De 702 à 778 millions d’euros
Cette deuxièrem réunion du comité de pilotage vise à établir un "pré-tri" des cinq versions d’aménagement retenues il y a deux mois lors de l’installation dudit comité, présidé par le préfet de région Daniel Canepa. Ses quatorze membres ont retenu cinq versions. Quatre d’entre elles consistent à enfouir complètement la N13 en créant des deux fois trois voies, soit en accolant des tunnels au métro, soit en passant d’un côté ou de l’autre du métro en construisant des tunnels superposés ou au même niveau. La dernière variante, défendue par le maire de Neuilly, Jean-Christophe Fromantin, associe la création d’un tunnel moins large à l’aménagement d’un boulevard urbain. Un projet visant à faire de cet axe emprunté quotidiennement par plus de 160.000 véhicules les Champs-Elysées de Neuilly.
Ce matin, en établissant un "prétri" des hypothèses retenues, le comité de pilotage "écartera", certaines versions, comme on l’indiquait hier à la préfecture de région. Pour aider chacun à se prononcer pour l’une ou l’autre des solutions, la Direction régionale de l’équipement (DRE) a mené des études complémentaires sur les cinq hypothèses.

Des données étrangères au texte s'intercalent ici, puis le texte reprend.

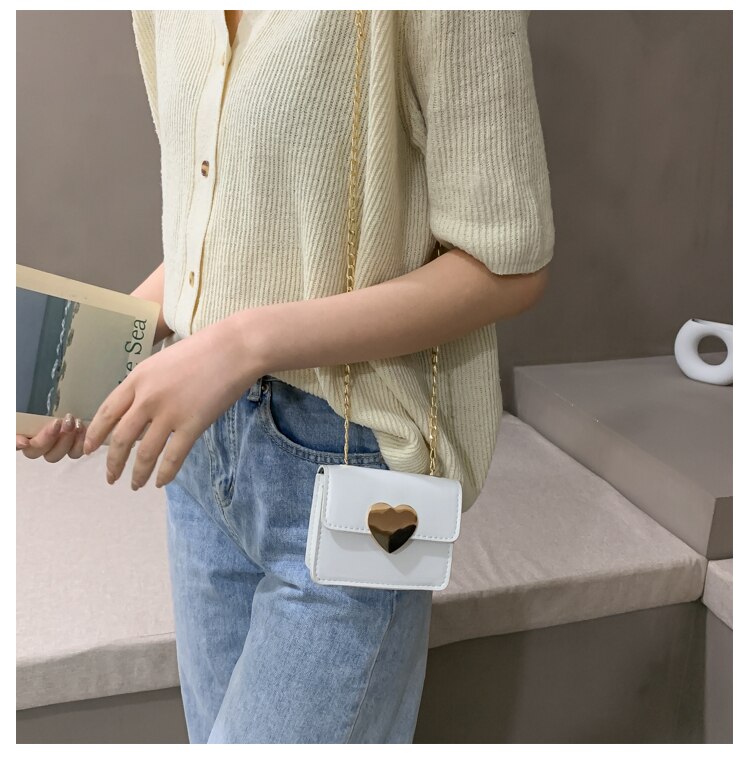 Mini borsa a tracolla semplice e Versatile femminile 2021 nuova borsa a tracolla monospalla alla moda in stile coreano con catena a cuore di pesca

Chaque scénario a été chiffré. Les quatre variantes d’enfouisseùent coûteraient de 702 à 778 millions d’euros. Le "scénario de référence", validé par une décision ministérielle d’octobre 2006, reviendrait à 716 millions.

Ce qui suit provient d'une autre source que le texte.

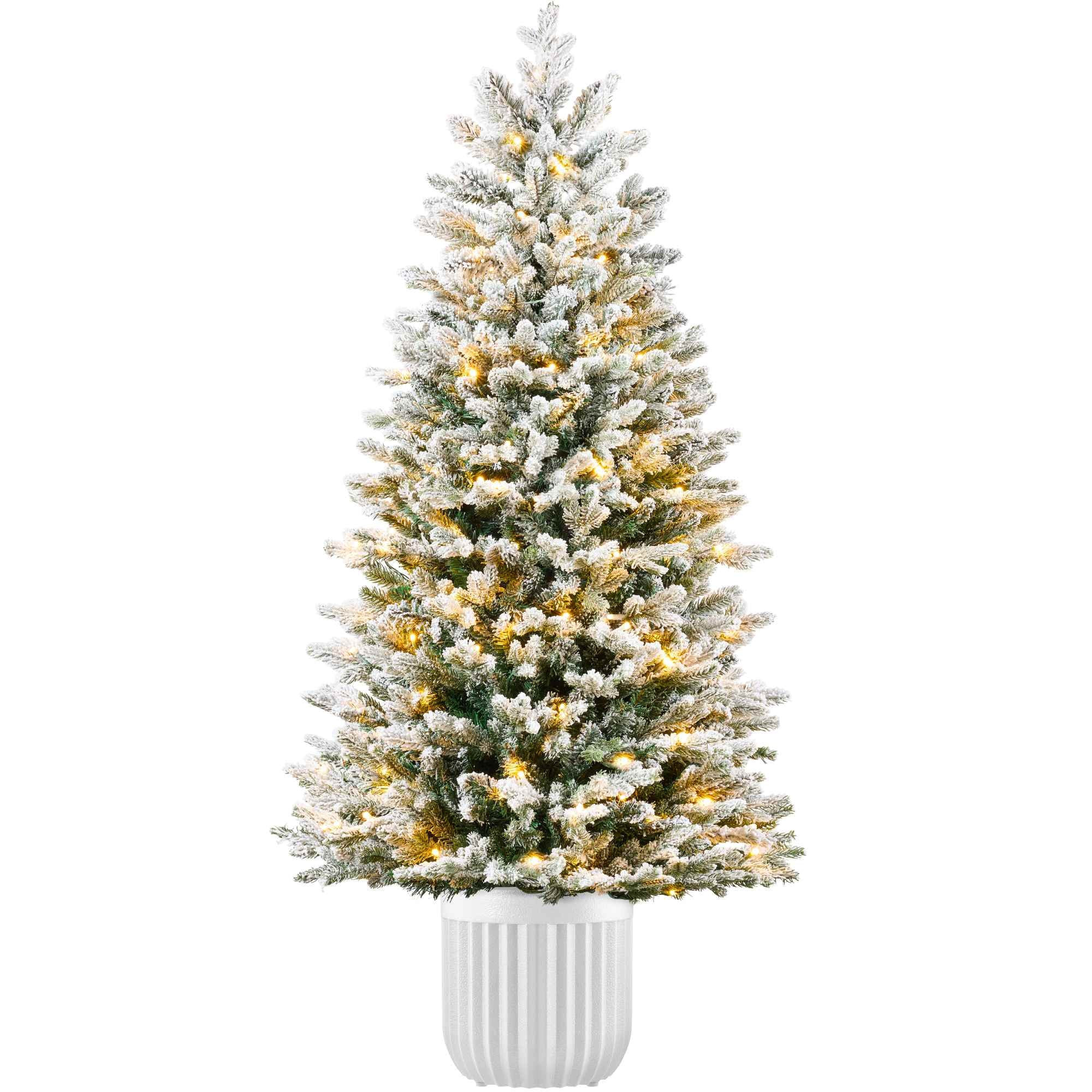 Best Choice Products Pre-Lit Potted Flocked Christmas Tree Realistic Artificial Décor w/ Twinkling White Multi LEDs | SKY10330 | Lowe's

La solution du maire : moins coûteuse mais...
Selon ces toutes récentes études complémentaires, la solution privilégiée par Jean-Christophe Fromentin est la moins onéreuse puisqu’elle est évéluée à 582 millions d’euros. En termes de délai, cette hypothèse est aussi la plus avantageuse. En revanche, elle cumule les inconvénients en ce qui concerne la qualité de l’air et du bruit et surtout "l’induction du trafic". La circulation augmenterait de 25% et se répercuterait aussi sur le boulevard périphérique.
Après ce classement des variantes que le comité de pilotage doit dresser aujourd’hui, c’est en juin prochain que la solution définitive devrait être adoptée. Le préfet Daniel Canepa entend associer "les principales collectivités locales concernées par cette opération au processus décisionnel". Selon nos informations, il a même l’intention d’obtenir un consensus. Et ce dès ce matin.